» **TASK DIRECTIONS**:
Give the records below again exactly, and exclude each picture.
START ENTRIES SUPPLIED
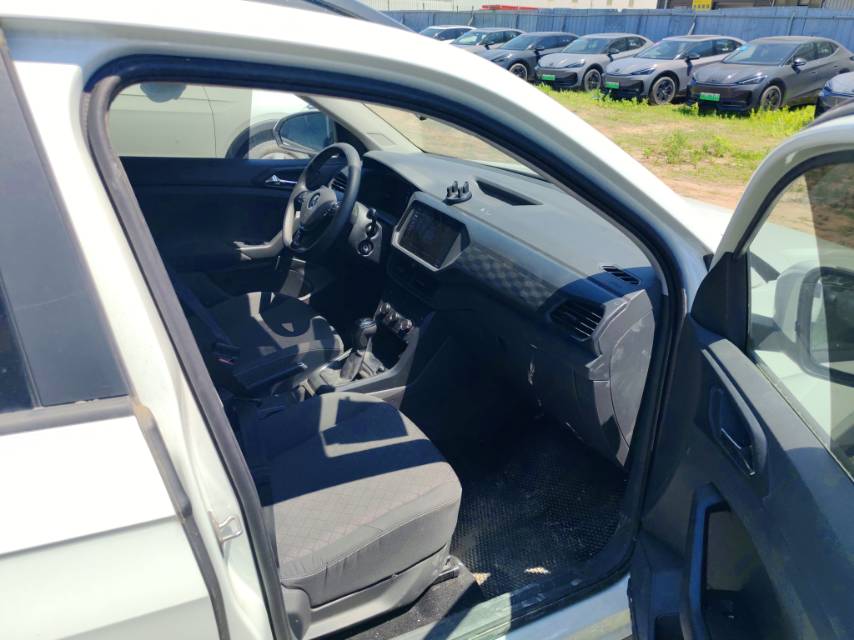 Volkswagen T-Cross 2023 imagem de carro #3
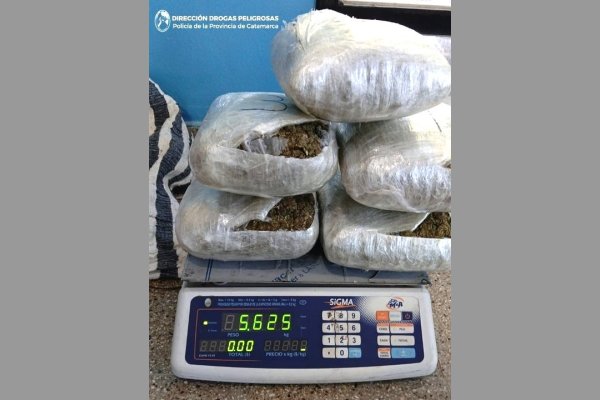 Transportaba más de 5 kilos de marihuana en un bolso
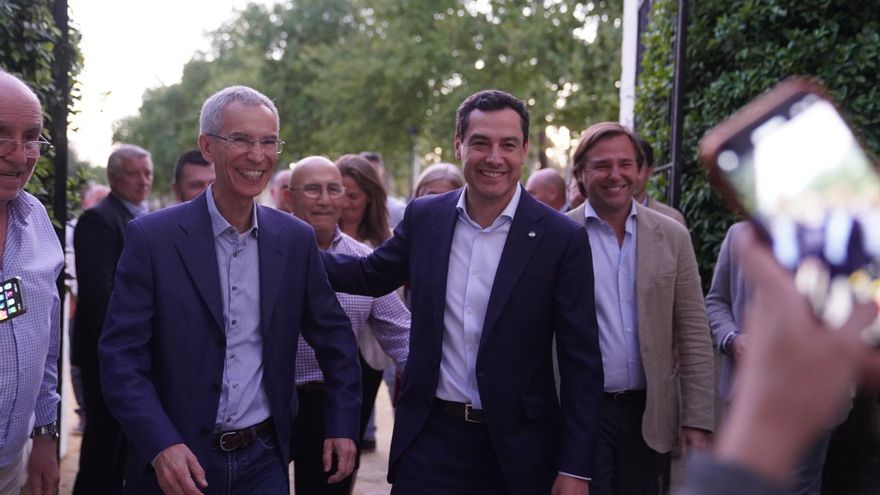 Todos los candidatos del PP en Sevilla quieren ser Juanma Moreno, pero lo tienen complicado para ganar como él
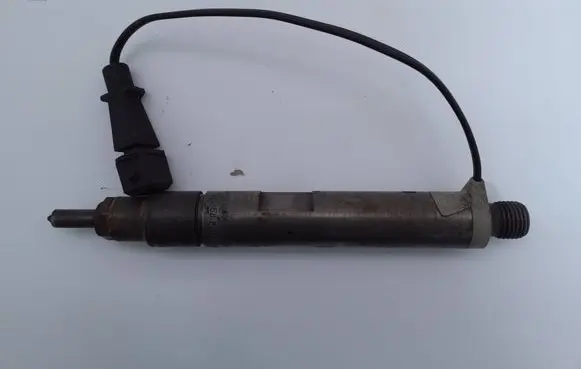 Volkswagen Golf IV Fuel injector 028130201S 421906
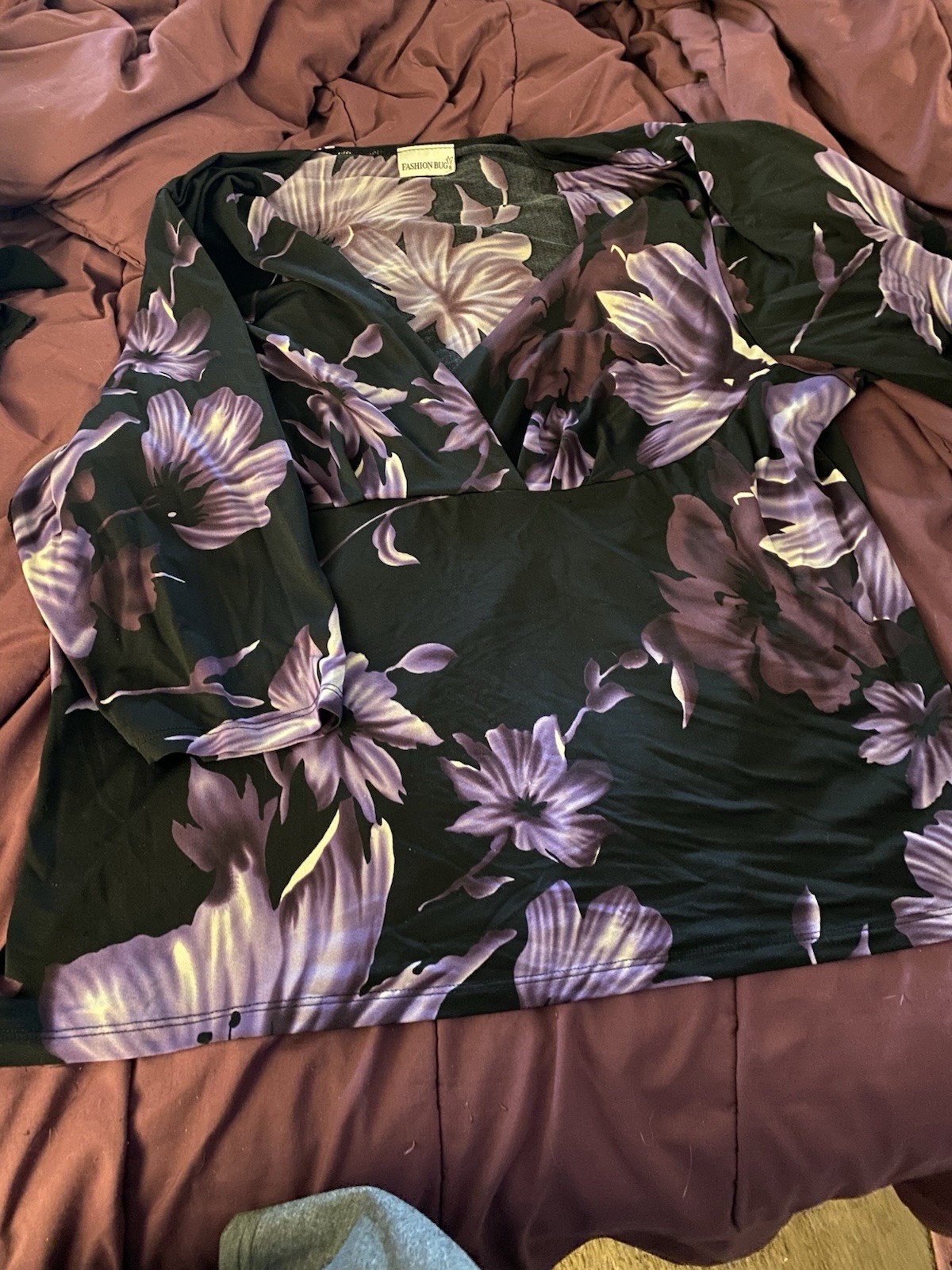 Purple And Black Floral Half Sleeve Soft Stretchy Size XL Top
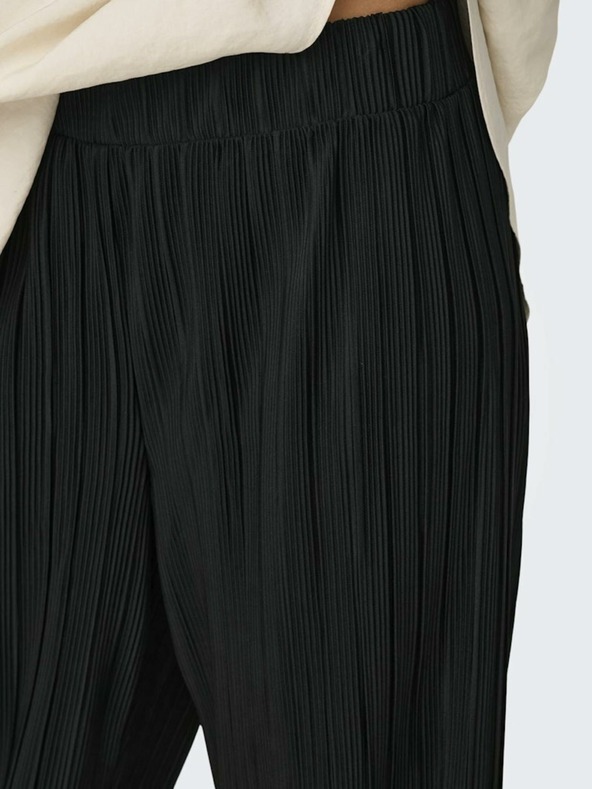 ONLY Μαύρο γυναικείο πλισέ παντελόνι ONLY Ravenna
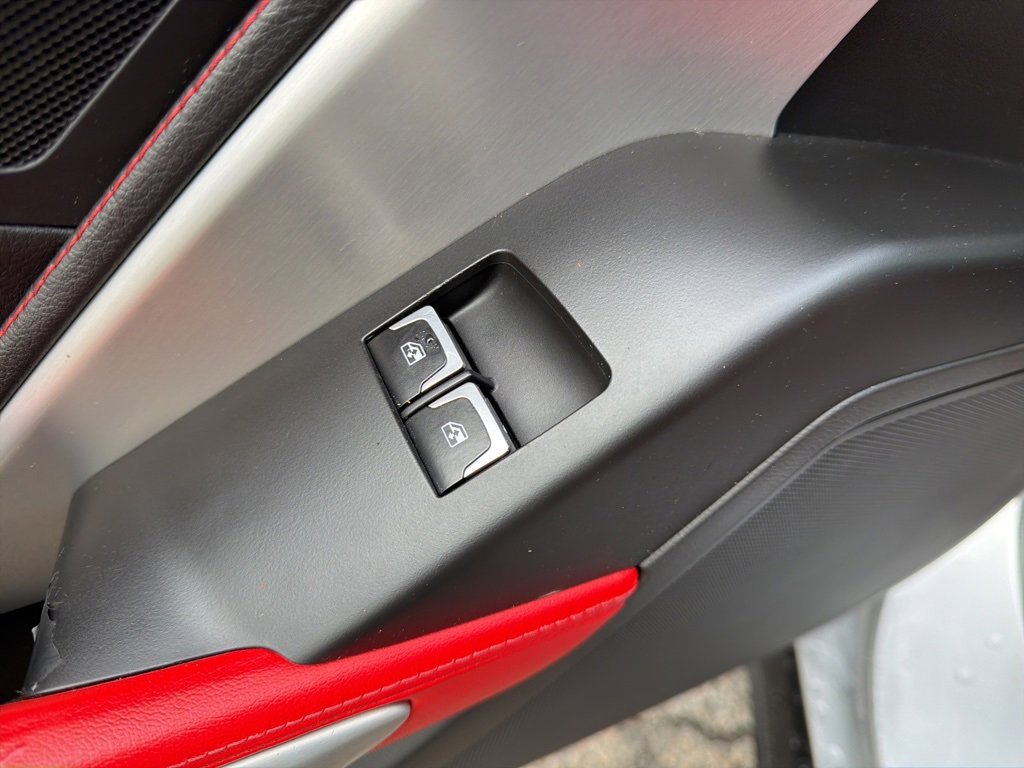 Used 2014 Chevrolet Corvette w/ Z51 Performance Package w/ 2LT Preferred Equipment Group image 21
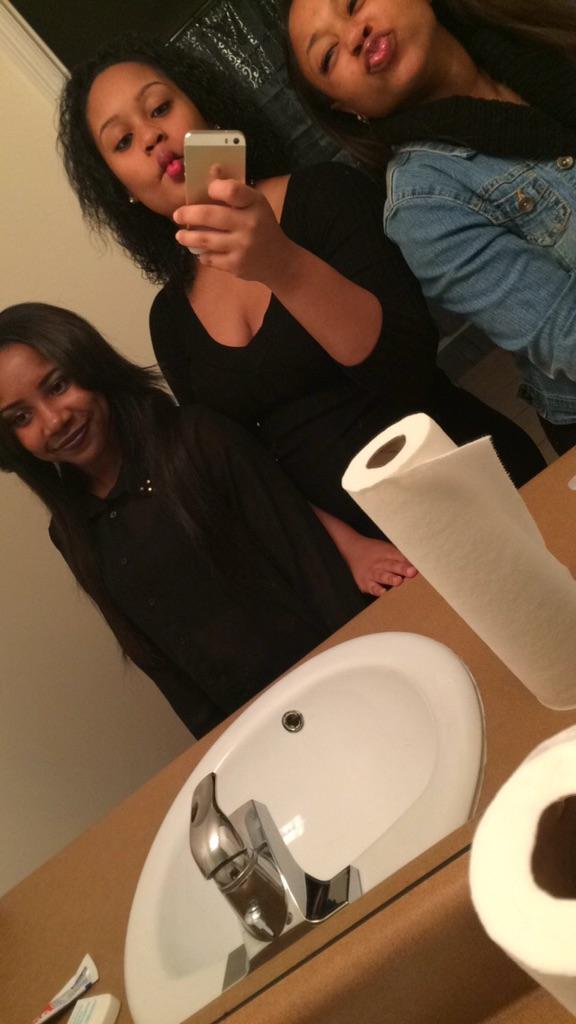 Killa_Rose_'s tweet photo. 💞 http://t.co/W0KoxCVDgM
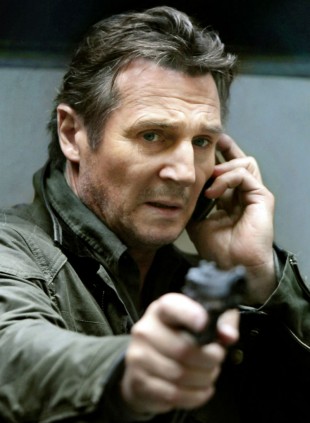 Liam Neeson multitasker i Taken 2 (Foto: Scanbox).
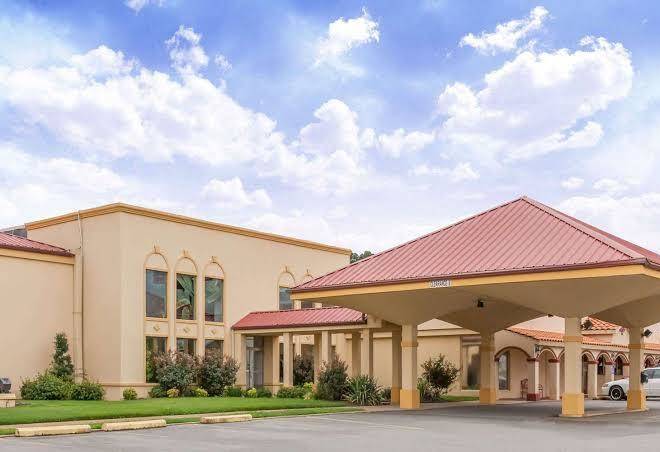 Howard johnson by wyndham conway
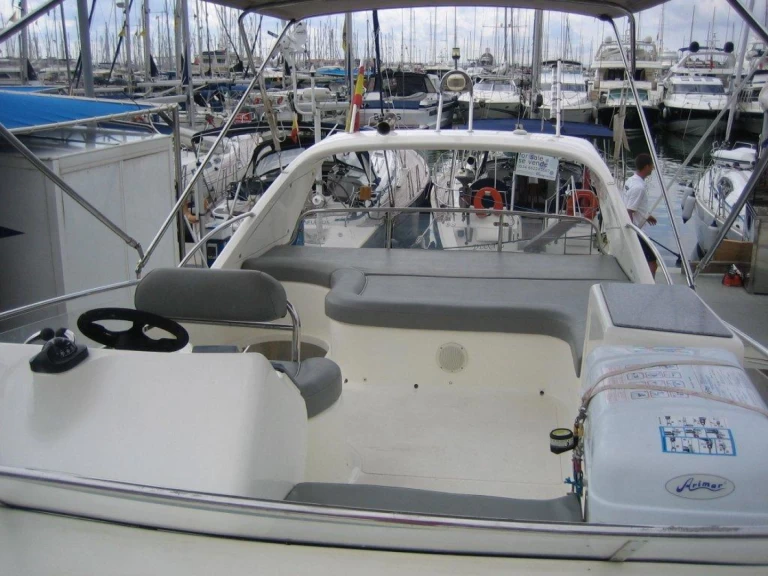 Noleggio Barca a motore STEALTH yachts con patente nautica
END ENTRIES SUPPLIED
» **OUTPUT**:
 Volkswagen T-Cross 2023 imagem de carro #3
 Transportaba más de 5 kilos de marihuana en un bolso
 Todos los candidatos del PP en Sevilla quieren ser Juanma Moreno, pero lo tienen complicado para ganar como él
 Volkswagen Golf IV Fuel injector 028130201S 421906
 Purple And Black Floral Half Sleeve Soft Stretchy Size XL Top
 ONLY Μαύρο γυναικείο πλισέ παντελόνι ONLY Ravenna
 Used 2014 Chevrolet Corvette w/ Z51 Performance Package w/ 2LT Preferred Equipment Group image 21
 Killa_Rose_'s tweet photo. 💞 http://t.co/W0KoxCVDgM
 Liam Neeson multitasker i Taken 2 (Foto: Scanbox).
 Howard johnson by wyndham conway
 Noleggio Barca a motore STEALTH yachts con patente nautica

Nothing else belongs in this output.